Aggregate land cover classes#
Since we are interested in all kinds of shrubs, we will combine the the dwarf shrubs and shrub/scrub classes. The most simple way of doing this is to re-assign all grid cells classified as shrub/scrub (52) to dwarf shrubs (51) using a mask.

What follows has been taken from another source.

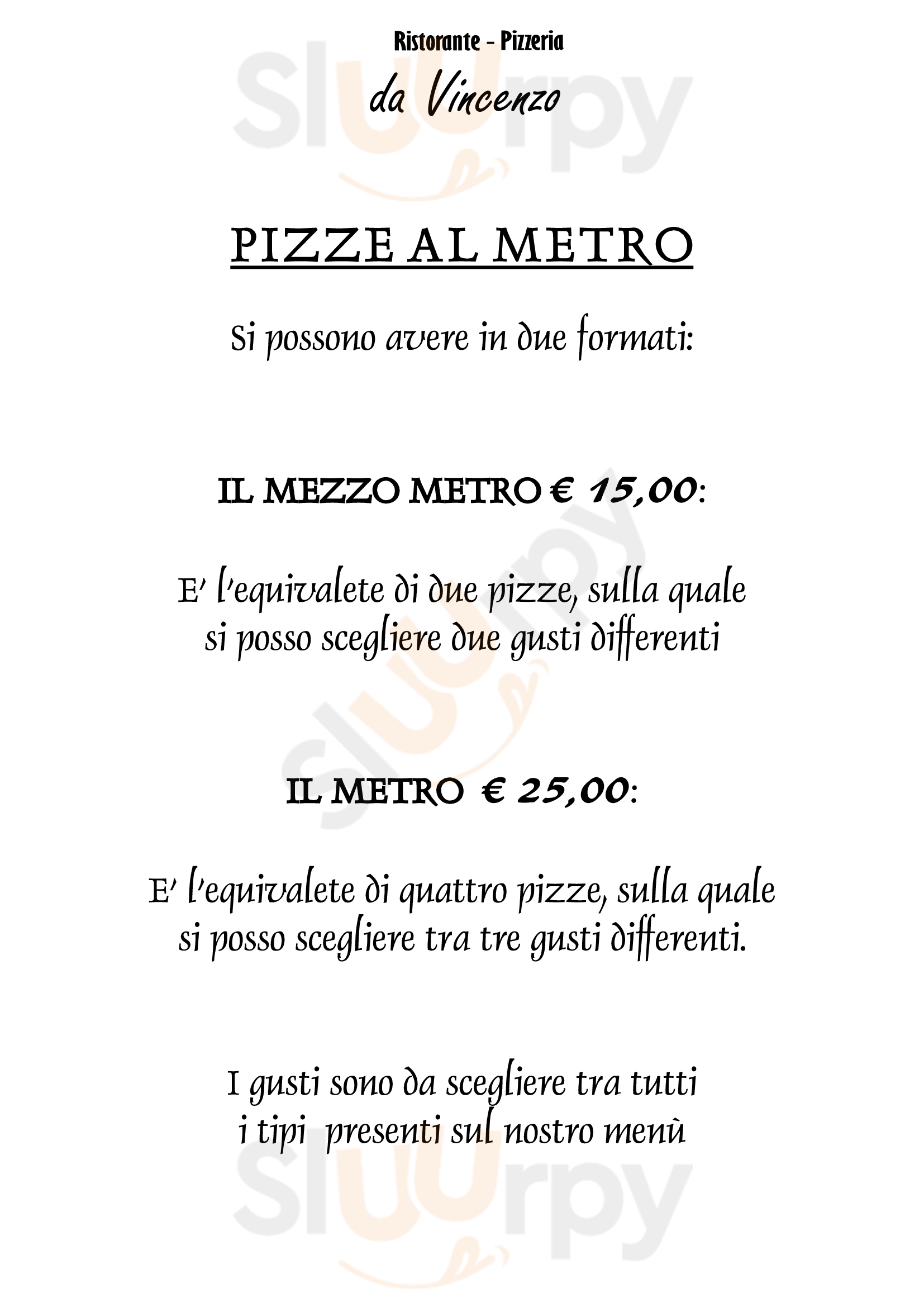 Pizzeria Ristorante Da Vincenzo Savigliano menù 1 pagina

# Re-assign land cover class
nlcd_2016[nlcd_2016 == 52] = 51
# Check there are no more grid cells classified as normal shrubs
unique, counts = np.unique(nlcd_2016, return_counts=True)
# Convert to DataFrame
df_2016 = pd.DataFrame(list(zip(unique, counts, (counts/land_pixels)*100)),
columns=['lc', 'count_2016', 'fraction_2016'])
df_2016
| lc | count_2016 | fraction_2016 | |
|---|---|---|---|
| 0 | 11 | 2378247 | 20.777634 |
| 1 | 12 | 35 | 0.000306 |
| 2 | 22 | 2445 | 0.021361 |
| 3 | 23 | 87 | 0.000760 |
| 4 | 31 | 59650 | 0.521134 |
| 5 | 41 | 59832 | 0.522724 |
| 6 | 42 | 1456210 | 12.722227 |
| 7 | 43 | 146517 | 1.280051 |
| 8 | 51 | 4454091 | 38.913313 |
| 9 | 71 | 3609 | 0.031530 |
| 10 | 72 | 1007993 | 8.806364 |
| 11 | 90 | 1161732 | 10.149510 |
| 12 | 95 | 715740 | 6.253086 |
Land cover change#
The big question here is have these shrubs always occupied a large portion of this region of Alaska? To answer that we could perform the same analysis on a previous NLCD dataset from 2001.
# Open
src_2001 = rasterio.open('data/nlcd_2001_ak.tif')
# Read
nlcd_2001 = src_2001.read(1)
# Re-assign land cover class
nlcd_2001[nlcd_2001 == 52] = 51
# Count occurrence in each class
unique, counts = np.unique(nlcd_2001, return_counts=True)
# Convert to DataFrame
df_2001 = pd.DataFrame(list(zip(unique, counts, (counts/land_pixels)*100)),
columns=['lc', 'count_2001', 'fraction_2001'])
df_2001
| lc | count_2001 | fraction_2001 | |
|---|---|---|---|
| 0 | 11 | 2375777 | 20.756054 |
| 1 | 12 | 24 | 0.000210 |
| 2 | 22 | 2436 | 0.021282 |
| 3 | 23 | 91 | 0.000795 |
| 4 | 31 | 58014 | 0.506841 |
| 5 | 41 | 57582 | 0.503067 |
| 6 | 42 | 1461918 | 12.772095 |
| 7 | 43 | 144954 | 1.266395 |
| 8 | 51 | 4454788 | 38.919403 |
| 9 | 72 | 1009936 | 8.823339 |
| 10 | 90 | 1162063 | 10.152402 |
| 11 | 95 | 718605 | 6.278116 |
Combining the DataFrames should allow us to compute the difference between 2001 and 2016
df = pd.merge(df_2001, df_2016, on=['lc'])
df
| lc | count_2001 | fraction_2001 | count_2016 | fraction_2016 | |
|---|---|---|---|---|---|
| 0 | 11 | 2375777 | 20.756054 | 2378247 | 20.777634 |
| 1 | 12 | 24 | 0.000210 | 35 | 0.000306 |
| 2 | 22 | 2436 | 0.021282 | 2445 | 0.021361 |
| 3 | 23 | 91 | 0.000795 | 87 | 0.000760 |
| 4 | 31 | 58014 | 0.506841 | 59650 | 0.521134 |
| 5 | 41 | 57582 | 0.503067 | 59832 | 0.522724 |
| 6 | 42 | 1461918 | 12.772095 | 1456210 | 12.722227 |
| 7 | 43 | 144954 | 1.266395 | 146517 | 1.280051 |
| 8 | 51 | 4454788 | 38.919403 | 4454091 | 38.913313 |
| 9 | 72 | 1009936 | 8.823339 | 1007993 | 8.806364 |
| 10 | 90 | 1162063 | 10.152402 | 1161732 | 10.149510 |
| 11 | 95 | 718605 | 6.278116 | 715740 | 6.253086 |
df['change'] = (df['count_2016'] - df['count_2001'])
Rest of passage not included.